Communication between people, devices and things is become one of the greatest enablers and greatest levelers for societies today.
However, far too much time and energy is spent agreeing on standards and protocols for communicating, and each device, thing, or person needs to then learn and include these protocols in whatever components they use.
Some of the protocols are at a hardware level. For example using Zigbee, Bluetooth or Z-Wave to communicate between nearby devices in a home automation setting. Large standards bodies emerge that define and set the standards, taking into account the resource constraints of the day (be it energy usage, computational efficiency, resilience and latency characteristics, memory availability, cost, cognitive load of programmers, etc.), and since these are changing constantly it is not surprising that the protocols themselves tend to evolve.
Some of the protocols are at a data or information layer. For example using XML, SOAP or JSON to communicate between “web services” running on one of the devices mentioned above. Sometimes the hardware and information layers are tightly coupled, sometimes they are independent (e.g., HTTP can run on TCP or UDP, both can run on IP over Ethernet or Token Ring).
Yet despite all this complexity and choice, the underlying functional needs are often the same. Stores hold state. Actions change state. Stores notify everyone of the new state. State can be the brightness level of a light bulb, or the synthesized health risk state of a human. Architectures such as Elm, Flux, Redux, etc. all aim to keep things simple with a well defined flow of state changes. Publish/Subscribe and Eventing based architectures achieve similar unifying results.

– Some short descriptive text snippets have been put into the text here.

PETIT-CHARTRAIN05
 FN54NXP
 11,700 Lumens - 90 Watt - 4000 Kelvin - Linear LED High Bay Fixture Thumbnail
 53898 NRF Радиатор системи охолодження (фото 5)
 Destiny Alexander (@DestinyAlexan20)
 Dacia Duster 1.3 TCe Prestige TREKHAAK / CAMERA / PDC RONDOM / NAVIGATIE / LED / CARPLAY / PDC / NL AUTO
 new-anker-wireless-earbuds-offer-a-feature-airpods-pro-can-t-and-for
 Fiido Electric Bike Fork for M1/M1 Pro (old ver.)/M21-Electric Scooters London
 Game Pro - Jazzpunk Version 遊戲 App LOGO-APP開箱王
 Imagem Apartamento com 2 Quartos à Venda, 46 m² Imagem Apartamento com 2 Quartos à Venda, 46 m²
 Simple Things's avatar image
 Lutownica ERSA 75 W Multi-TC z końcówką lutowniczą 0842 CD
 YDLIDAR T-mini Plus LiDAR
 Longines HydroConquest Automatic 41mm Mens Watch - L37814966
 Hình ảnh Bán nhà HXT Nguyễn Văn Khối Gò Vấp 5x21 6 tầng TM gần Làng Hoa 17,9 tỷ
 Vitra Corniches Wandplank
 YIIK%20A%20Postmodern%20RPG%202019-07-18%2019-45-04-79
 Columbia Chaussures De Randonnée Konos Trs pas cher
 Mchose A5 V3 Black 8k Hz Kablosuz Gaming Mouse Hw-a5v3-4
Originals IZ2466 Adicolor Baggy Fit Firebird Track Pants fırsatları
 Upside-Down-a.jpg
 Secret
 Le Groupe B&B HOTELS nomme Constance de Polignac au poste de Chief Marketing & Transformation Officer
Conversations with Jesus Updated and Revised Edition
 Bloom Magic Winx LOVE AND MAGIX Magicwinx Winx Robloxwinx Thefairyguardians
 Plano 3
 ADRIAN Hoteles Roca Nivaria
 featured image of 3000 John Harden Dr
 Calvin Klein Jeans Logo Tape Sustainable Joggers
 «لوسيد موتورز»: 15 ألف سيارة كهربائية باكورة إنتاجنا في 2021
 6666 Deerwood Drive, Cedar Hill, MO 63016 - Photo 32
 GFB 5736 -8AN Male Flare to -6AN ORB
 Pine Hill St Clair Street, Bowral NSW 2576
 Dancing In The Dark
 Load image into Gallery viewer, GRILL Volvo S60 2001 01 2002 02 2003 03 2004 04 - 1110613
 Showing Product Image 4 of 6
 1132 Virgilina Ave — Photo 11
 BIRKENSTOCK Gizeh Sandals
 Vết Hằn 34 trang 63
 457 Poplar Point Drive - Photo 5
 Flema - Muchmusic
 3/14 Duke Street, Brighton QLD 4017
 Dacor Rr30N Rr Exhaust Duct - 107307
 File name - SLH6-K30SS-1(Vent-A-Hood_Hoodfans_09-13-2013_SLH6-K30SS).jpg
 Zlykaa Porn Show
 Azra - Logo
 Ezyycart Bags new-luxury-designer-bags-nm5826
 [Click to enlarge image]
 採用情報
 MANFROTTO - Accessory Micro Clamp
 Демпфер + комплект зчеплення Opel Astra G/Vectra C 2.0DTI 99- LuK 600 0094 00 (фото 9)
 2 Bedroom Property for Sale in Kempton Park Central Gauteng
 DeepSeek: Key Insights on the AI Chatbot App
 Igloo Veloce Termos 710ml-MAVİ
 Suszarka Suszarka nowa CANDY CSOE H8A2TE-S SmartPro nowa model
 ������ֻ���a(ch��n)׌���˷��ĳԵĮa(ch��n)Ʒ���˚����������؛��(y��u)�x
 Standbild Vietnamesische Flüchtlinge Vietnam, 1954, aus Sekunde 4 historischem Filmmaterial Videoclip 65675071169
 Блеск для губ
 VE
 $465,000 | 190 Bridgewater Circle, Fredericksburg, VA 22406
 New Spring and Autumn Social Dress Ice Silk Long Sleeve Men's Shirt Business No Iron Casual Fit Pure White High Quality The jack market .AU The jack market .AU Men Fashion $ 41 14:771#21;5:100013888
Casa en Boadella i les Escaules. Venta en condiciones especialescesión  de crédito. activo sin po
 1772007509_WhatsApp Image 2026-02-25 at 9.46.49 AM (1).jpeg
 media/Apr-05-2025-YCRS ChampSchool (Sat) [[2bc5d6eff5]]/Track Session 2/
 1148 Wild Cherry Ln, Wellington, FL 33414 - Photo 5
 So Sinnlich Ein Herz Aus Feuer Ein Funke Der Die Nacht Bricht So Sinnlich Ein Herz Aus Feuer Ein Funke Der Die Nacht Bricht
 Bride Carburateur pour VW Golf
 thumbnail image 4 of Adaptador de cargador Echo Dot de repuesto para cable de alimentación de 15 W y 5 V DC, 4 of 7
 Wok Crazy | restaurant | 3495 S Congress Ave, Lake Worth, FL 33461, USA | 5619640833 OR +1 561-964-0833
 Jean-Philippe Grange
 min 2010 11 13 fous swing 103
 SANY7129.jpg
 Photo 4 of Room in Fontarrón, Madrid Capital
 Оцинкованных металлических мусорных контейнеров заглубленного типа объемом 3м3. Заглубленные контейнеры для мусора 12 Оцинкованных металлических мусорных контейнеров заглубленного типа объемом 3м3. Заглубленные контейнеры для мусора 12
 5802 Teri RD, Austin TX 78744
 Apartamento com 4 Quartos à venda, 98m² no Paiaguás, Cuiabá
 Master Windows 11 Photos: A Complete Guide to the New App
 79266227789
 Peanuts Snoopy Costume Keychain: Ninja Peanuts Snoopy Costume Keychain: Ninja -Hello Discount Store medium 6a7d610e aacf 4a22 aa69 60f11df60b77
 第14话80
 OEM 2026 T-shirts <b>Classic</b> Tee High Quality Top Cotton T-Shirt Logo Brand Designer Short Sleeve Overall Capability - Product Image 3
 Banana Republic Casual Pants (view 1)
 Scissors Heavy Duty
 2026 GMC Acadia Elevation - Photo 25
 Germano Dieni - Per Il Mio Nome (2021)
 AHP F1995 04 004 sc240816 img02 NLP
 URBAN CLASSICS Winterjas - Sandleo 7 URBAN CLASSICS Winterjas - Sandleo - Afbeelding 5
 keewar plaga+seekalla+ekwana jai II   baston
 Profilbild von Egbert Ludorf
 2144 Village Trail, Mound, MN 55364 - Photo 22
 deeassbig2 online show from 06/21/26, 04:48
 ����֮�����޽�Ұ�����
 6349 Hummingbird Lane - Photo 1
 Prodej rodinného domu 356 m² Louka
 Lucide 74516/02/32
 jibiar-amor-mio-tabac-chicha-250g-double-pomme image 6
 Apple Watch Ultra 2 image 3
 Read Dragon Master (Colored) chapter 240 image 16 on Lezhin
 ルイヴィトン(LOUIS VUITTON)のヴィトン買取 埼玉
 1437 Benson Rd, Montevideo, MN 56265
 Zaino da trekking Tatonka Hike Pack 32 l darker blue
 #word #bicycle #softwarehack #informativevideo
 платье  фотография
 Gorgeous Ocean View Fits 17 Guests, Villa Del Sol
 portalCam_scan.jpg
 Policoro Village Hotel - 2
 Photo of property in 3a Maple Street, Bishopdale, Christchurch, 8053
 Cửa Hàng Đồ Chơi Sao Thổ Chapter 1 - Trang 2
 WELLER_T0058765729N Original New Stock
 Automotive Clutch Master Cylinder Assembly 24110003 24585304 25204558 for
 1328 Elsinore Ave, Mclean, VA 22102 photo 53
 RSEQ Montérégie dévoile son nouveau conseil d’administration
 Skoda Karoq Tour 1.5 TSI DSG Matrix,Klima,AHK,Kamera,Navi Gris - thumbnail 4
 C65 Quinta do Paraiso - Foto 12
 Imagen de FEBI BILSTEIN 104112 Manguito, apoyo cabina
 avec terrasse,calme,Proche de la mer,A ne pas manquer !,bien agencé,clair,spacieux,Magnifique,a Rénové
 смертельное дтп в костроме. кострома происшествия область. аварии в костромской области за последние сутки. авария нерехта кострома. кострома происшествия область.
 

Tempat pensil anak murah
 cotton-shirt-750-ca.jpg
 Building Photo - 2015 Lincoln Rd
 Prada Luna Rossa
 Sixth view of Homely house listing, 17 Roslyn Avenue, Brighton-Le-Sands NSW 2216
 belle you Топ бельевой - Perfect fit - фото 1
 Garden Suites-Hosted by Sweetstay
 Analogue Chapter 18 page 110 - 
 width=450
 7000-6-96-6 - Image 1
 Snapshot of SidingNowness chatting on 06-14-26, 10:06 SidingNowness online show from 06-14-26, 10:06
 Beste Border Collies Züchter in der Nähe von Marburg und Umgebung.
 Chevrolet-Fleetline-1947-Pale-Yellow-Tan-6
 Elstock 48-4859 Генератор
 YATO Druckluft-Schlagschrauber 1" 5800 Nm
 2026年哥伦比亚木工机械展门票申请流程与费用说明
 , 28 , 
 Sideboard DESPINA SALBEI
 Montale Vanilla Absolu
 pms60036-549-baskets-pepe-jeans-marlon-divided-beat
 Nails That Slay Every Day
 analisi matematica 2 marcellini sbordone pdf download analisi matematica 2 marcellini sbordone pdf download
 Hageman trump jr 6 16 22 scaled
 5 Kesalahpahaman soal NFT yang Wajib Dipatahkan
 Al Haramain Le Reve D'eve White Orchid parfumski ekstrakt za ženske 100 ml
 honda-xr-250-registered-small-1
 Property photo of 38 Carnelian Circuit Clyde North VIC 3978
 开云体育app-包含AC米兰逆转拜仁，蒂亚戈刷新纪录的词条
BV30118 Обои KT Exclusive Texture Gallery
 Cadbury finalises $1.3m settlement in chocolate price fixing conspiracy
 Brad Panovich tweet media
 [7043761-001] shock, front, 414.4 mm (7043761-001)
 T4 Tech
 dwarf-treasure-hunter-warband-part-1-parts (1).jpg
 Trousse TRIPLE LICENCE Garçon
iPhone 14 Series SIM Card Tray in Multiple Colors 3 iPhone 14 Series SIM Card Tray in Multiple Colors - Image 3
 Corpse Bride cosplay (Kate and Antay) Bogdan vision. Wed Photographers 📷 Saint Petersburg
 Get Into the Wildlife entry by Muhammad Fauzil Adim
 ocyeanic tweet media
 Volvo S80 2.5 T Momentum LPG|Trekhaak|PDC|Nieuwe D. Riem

The Internet of Protocols Association does not wish to enter the protocol fray nor create yet another new standard for machine to machine communication. Rather, it wants to abstract the protocols in such a way so that commonly used functional needs are met regardless of the underlying protocol.
There are few goals with this effort:
- It is much more about a specification of how to do things than specific implementations
- It works with functional programming techniques, but also works with sequential programming
- Implementations can interoperate without relying on core or shared libraries – everything is represented using the most basic “property bags” of whatever the underlying programming language
- Implementations are modular and can be decomposed into hundreds or thousands of microservices easily, but aggregated into large stacks or processing pipelines whenever needed
- The focus is purely on machine, device, human, thing, animal communication across local, regional, global and interstellar networks. Adaptions to solve machine learning, functional pipe programming, etc. are interesting but delegated outside of the IOPA namespace (for example, a usage to run software on web, desktop, mobile platforms natively without change is enabled by a complementary effort called NODEKIT that quietly uses IOPA at the core).
- The focus is on state, stores and transfer of state between stores, listeners and action creators.